My husband and I have gone to bed and breakfasts many times pre-child.

I totally get the no children thing! Since I knew that most don't take children, I called ahead to some when we were planning a trip.
My son was 6 mo. old and we finally found one that was happy to take us with him. We had gone through some sort of booking agency but I did speak with the owner as well to be sure they didn't object to our child.
When I called to confirm, the owner said we had to bring our pack and play. I said, "We are traveling across the country and we're not bringing a pack and play. He sleeps with us."

She proceeded to lecture me about how dangerous that was and refused to let us stay there because of that! Then she wouldn't let me out of the reservation--too close to the arrival time.

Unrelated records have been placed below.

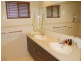 183 Reedy Swamp Rd, Tarraganda NSW 2550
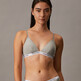 B10 Grey Heather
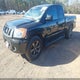 1N6BA0CH1CN310329 2012 Nissan Titan Sv auction photo thumbnail 2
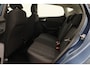 Ford Fiesta 1.1 Trend Cruise, Apple CarPlay, DAB, Lane Assist, PDC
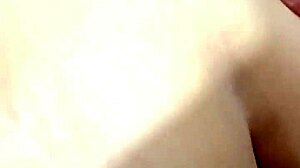 First Time Anal Sex With Shaved Pussy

So I called the agency and let it rip. I told them I don't need any lectures on my parenting style and if this was their "issue" they should have cleared it up when I made the reservation. They said they would still charge my credit card and I said, "Well you go ahead. And I will dispute it on the grounds that they refused service to me."

It never showed up on the credit card, but it sure made my blood boil;0


----------



## 1littlebit (Jun 1, 2008)

Quote:


Originally Posted by *PJsmomma* 
My husband and I have gone to bed and breakfasts many times pre-child.

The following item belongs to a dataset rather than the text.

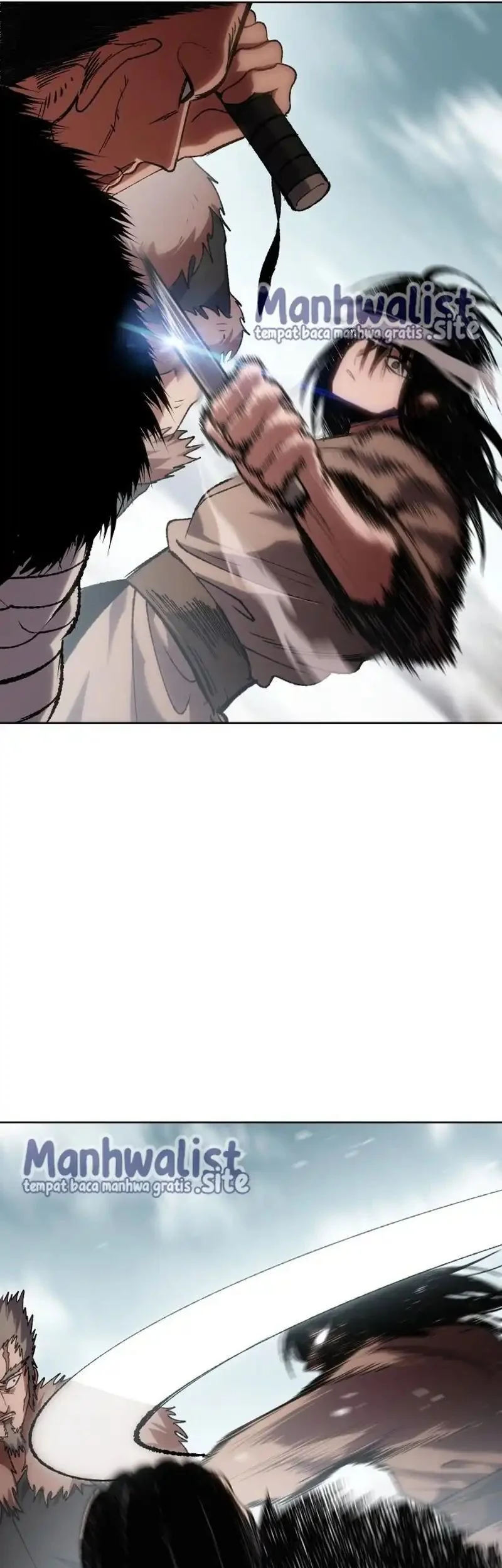 Informer Chapter 28 - halaman 10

I totally get the no children thing! Since I knew that most don't take children, I called ahead to some when we were planning a trip.
My son was 6 mo. old and we finally found one that was happy to take us with him. We had gone through some sort of booking agency but I did speak with the owner as well to be sure they didn't object to our child.
When I called to confirm, the owner said we had to bring our pack and play. I said, "We are traveling across the country and we're not bringing a pack and play. He sleeps with us."

She proceeded to lecture me about how dangerous that was and refused to let us stay there because of that! Then she wouldn't let me out of the reservation--too close to the arrival time.

So I called the agency and let it rip. I told them I don't need any lectures on my parenting style and if this was their "issue" they should have cleared it up when I made the reservation. They said they would still charge my credit card and I said, "Well you go ahead. And I will dispute it on the grounds that they refused service to me."

It never showed up on the credit card, but it sure made my blood boil;0









people have boundary issues!!!


----------



## lolar2 (Nov 8, 2005)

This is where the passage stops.